Big Data

Columnar Formats: Parquet and ORC

Facebook stores trillions of user action events. A query like 'how many times was the Like button clicked in January in Brazil' must execute in seconds, not hours. The secret is not cluster power but storage format. Parquet reads 2 columns out of 80 and skips 90% of rows via min/max statistics - long before the data reaches the CPU.

**Apache Spark** - reads/writes Parquet natively; it is the default format for `spark.write.save()`
**AWS Athena** - SQL over S3, optimized for Parquet/ORC with predicate pushdown
**Apache Iceberg / Delta Lake** - use Parquet as the physical format, adding ACID on top
**Pandas / PyArrow** - `pd.read_parquet()` is the standard way to work with large datasets in Python

Why columnar storage is faster for analytics

The query `SELECT AVG(price) FROM orders` touches only one column out of, say, 50. In row storage (PostgreSQL, CSV) the full record is read for each row - all 50 fields - even though only one is needed. At 1 billion rows of 500 bytes each this means 500 GB of I/O instead of 10 GB with a columnar approach. A 50x difference - purely from a different data layout.

A second gain: **homogeneous data** in one block compresses far better. A `country_code` column contains repeated strings like "US", "DE", "GB" - RLE (Run-Length Encoding) compresses this dramatically. Mixed row data compresses much worse.

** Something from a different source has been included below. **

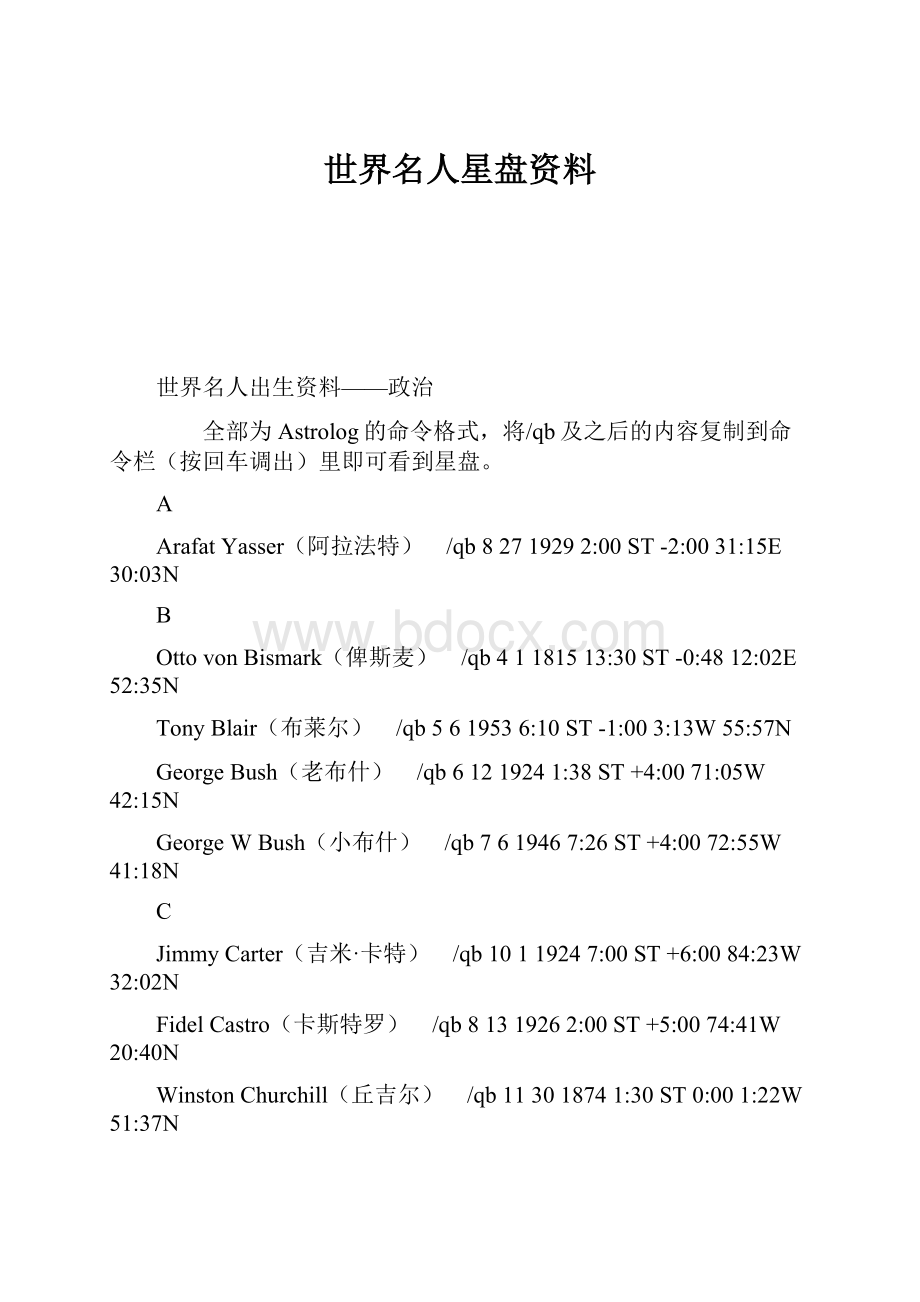 世界名人星盘资料.docx_第1页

Parquet (developed by Twitter and Cloudera in 2013) and ORC (developed at Hortonworks for Hive in 2013) are the two dominant columnar formats in the big data ecosystem. Both store data on disk column-wise but differ in encoding details and indexing.

Query `SELECT user_id, revenue FROM events` touches 2 out of 80 columns. How much less data does the columnar format read?

Parquet encoding: dictionary, RLE, bit-packing

Parquet does not simply rearrange data into columns - it applies several encoding layers before compression. The encoding algorithm is chosen per-column automatically based on data cardinality.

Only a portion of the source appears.